It said demonstrators would meet in Hyde Park and march to the Department of Education on Great Smith Street, Westminster.

There was also a virtual protest, organised by LDNBLM and Educators for Justice, for people who wanted to be a part of the movement but could not make it in person.

At the same time there was a Black Trans Lives Matter protest, which met at Wellington Arch at 2pm and marched to Downing Street for 3pm.

Shukri’s mother previously said her daughter hated water and could not swim so would not have been near the River Irwell by choice.

In February an inquest into her death heard a school girl ‘told her to ”get in the water or I’ll kill you” but said it was said as a joke’.

The foster carer of one of the four children with Shukri, called Child One in court, said the girl admitted to her three days after the death that she had threatened to kill the school girl if she didn’t get in the water.

Shukri and two of the children had been stopped in Primark earlier that day for shoplifting, the inquest heard.


Demonstrators waved banners reading 'justice for Shukri', 'silence is violence' and 'no justice, no peace' in the street near Parliament.
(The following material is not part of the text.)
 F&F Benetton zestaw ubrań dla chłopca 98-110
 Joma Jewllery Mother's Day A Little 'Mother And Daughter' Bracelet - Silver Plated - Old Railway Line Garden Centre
Giving evidence, her mother Zak Zam Ture said Shukri had never been swimming or been near a river in her life.

She told the court she had been expected home at 3.15pm that day – in time for mosque at 5pm.

When her daughter failed to return, Ms Ture went to her school, a nearby park and called on other Somali families to help look for her.
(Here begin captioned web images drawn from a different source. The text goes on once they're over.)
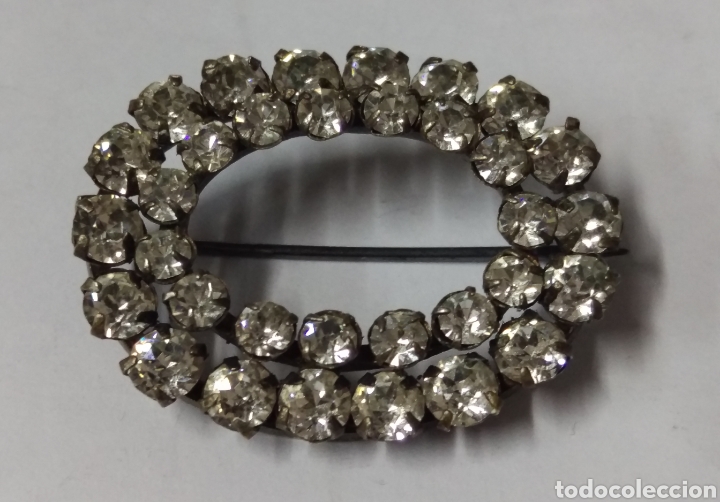Joyeria: Antiguo broche pasador aguja - Foto 1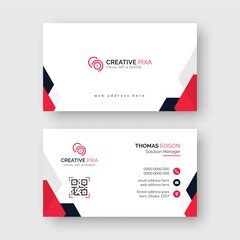 Naklejka na ściany i meble Creative Business Card Print Template. Visiting card for business and personal use. Flat Design. Stationery Design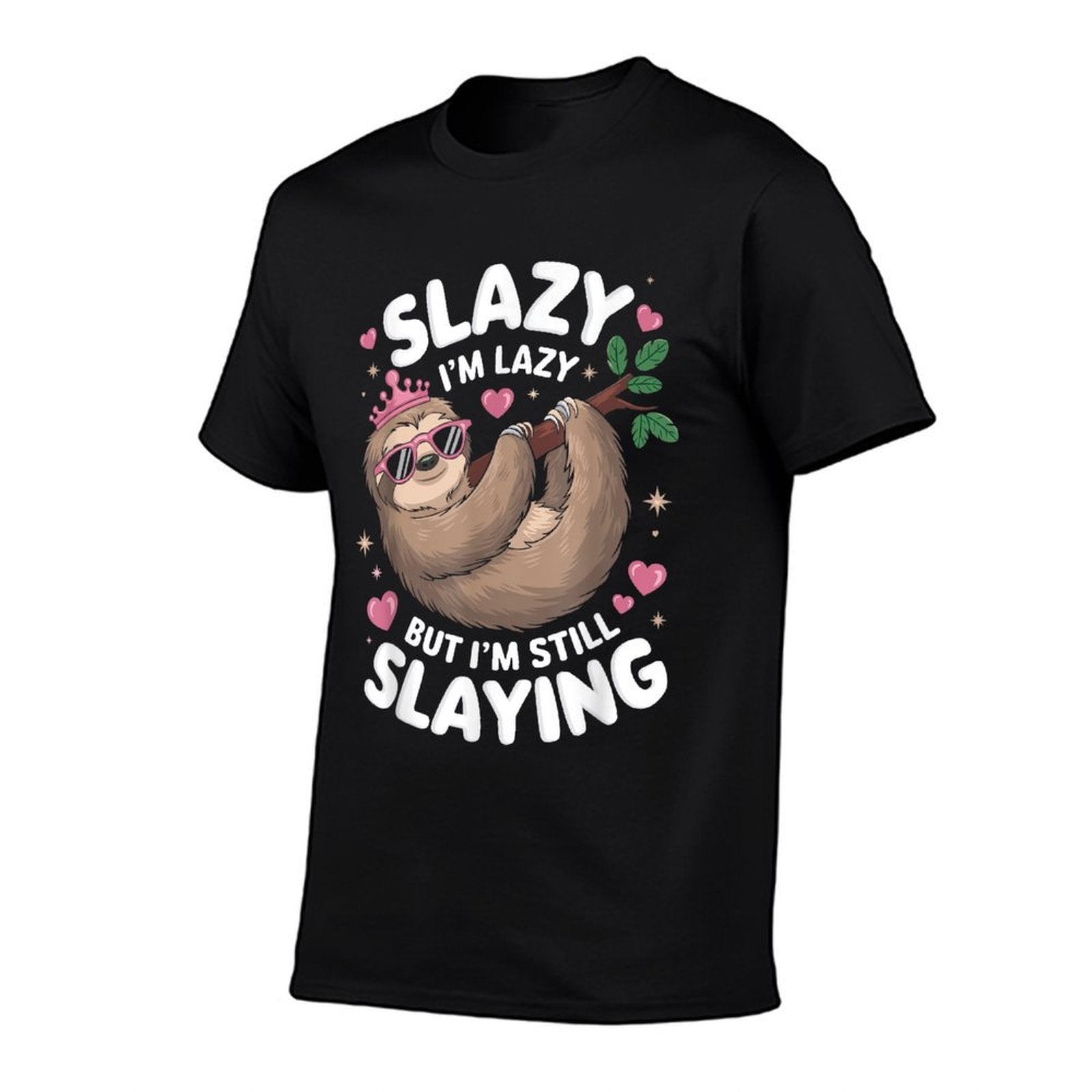 Cute Tween Girl Funny Animal Sloth Slay Meme Trendy Slazy  Polyester Blend T-Shirt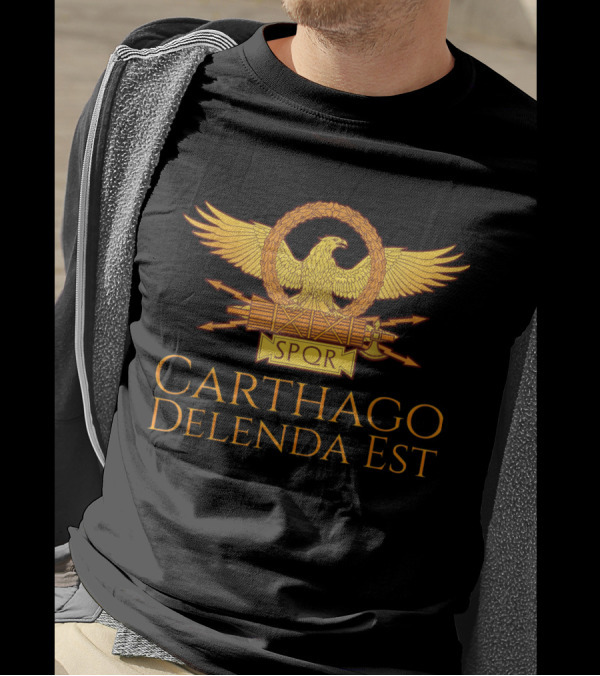 SPQR Eagle Carthago Delenda Est Ancient Roman T-Shirt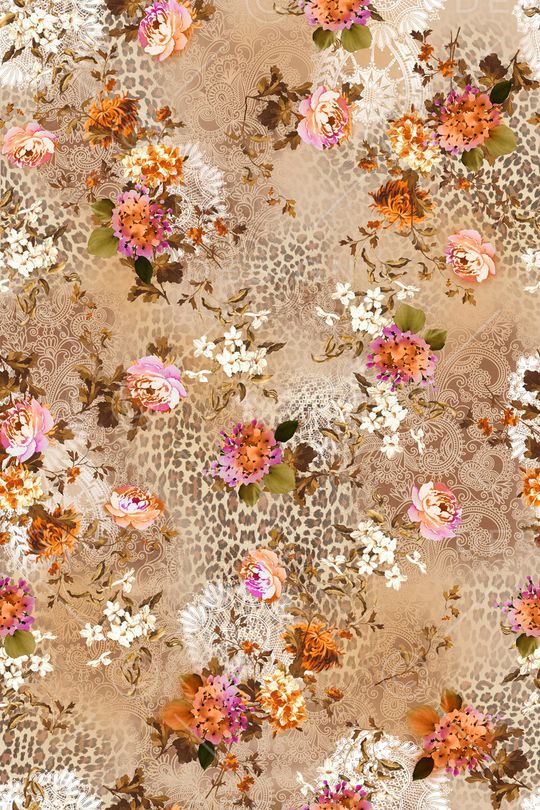 豹纹印花华亿平台图片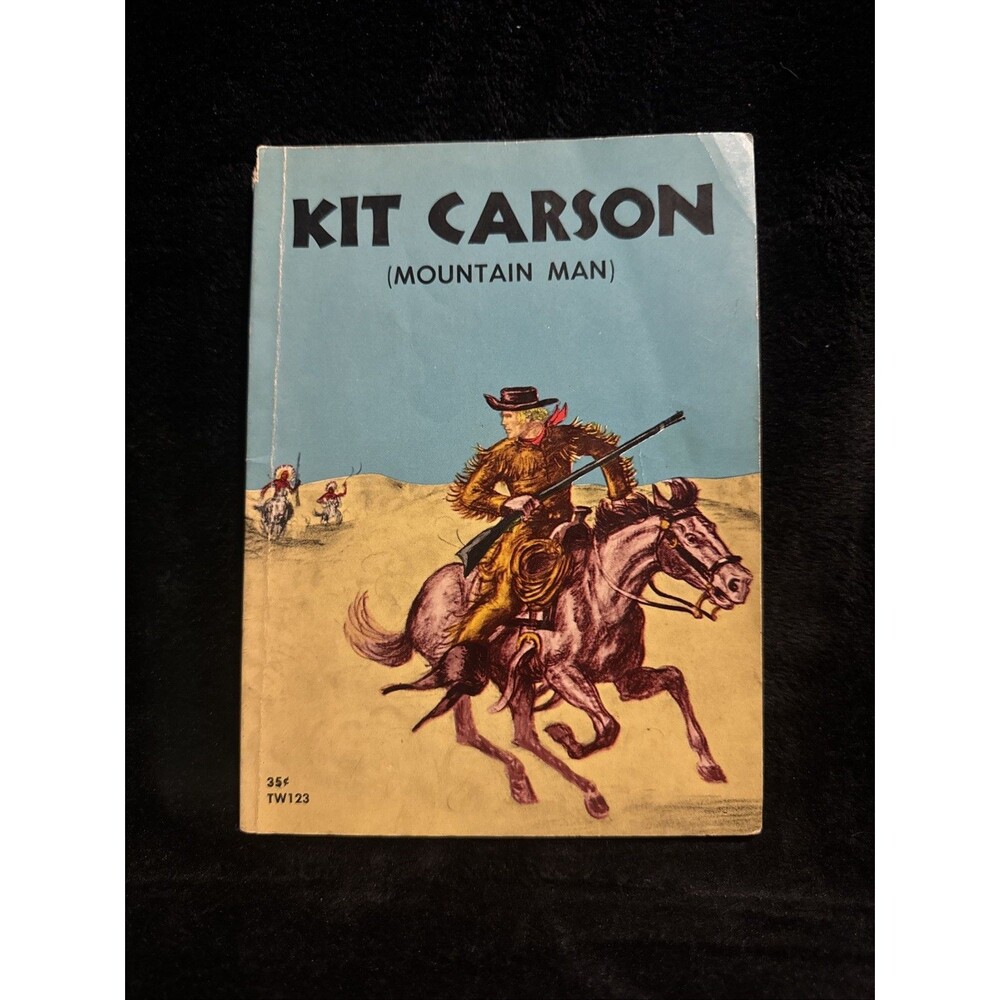 Vintage 1952 Kit Carson Mountain Man by Margaret E. Bell Scholastic Biography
A friend told her she had seen Shukri walking on her own in the direction of her house with two girls following behind, her mother told the hearing.
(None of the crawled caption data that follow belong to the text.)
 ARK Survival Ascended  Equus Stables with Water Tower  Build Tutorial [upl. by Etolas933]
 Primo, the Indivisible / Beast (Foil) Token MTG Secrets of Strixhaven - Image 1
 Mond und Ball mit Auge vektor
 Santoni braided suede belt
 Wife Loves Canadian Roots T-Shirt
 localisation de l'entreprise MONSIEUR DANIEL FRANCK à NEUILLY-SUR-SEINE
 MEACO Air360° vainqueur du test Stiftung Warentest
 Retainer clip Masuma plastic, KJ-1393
Police told her afterwards four other children were with her daughter at the river before her death and Shukri and two of the other girls had been stopped in Primark for shoplifting that day.

Black Lives Matter protests have erupted across the world since the death of George Floyd in police custody in the US.

In recent weeks the statue to Britain’s greatest ever Prime Minister Sir Winston Churchill was defaced by BLM protesters and police officers have come under attack.

Last week police formed a defensive ring around the monument, which even had to be boarded up after the plinth was defaced during a rally three weeks ago.

But that protest was largely without incident, in stark contrast to the week before which saw ugly clashes between BLM demonstrators and thugs who pelted police with bottles, barriers and fireworks.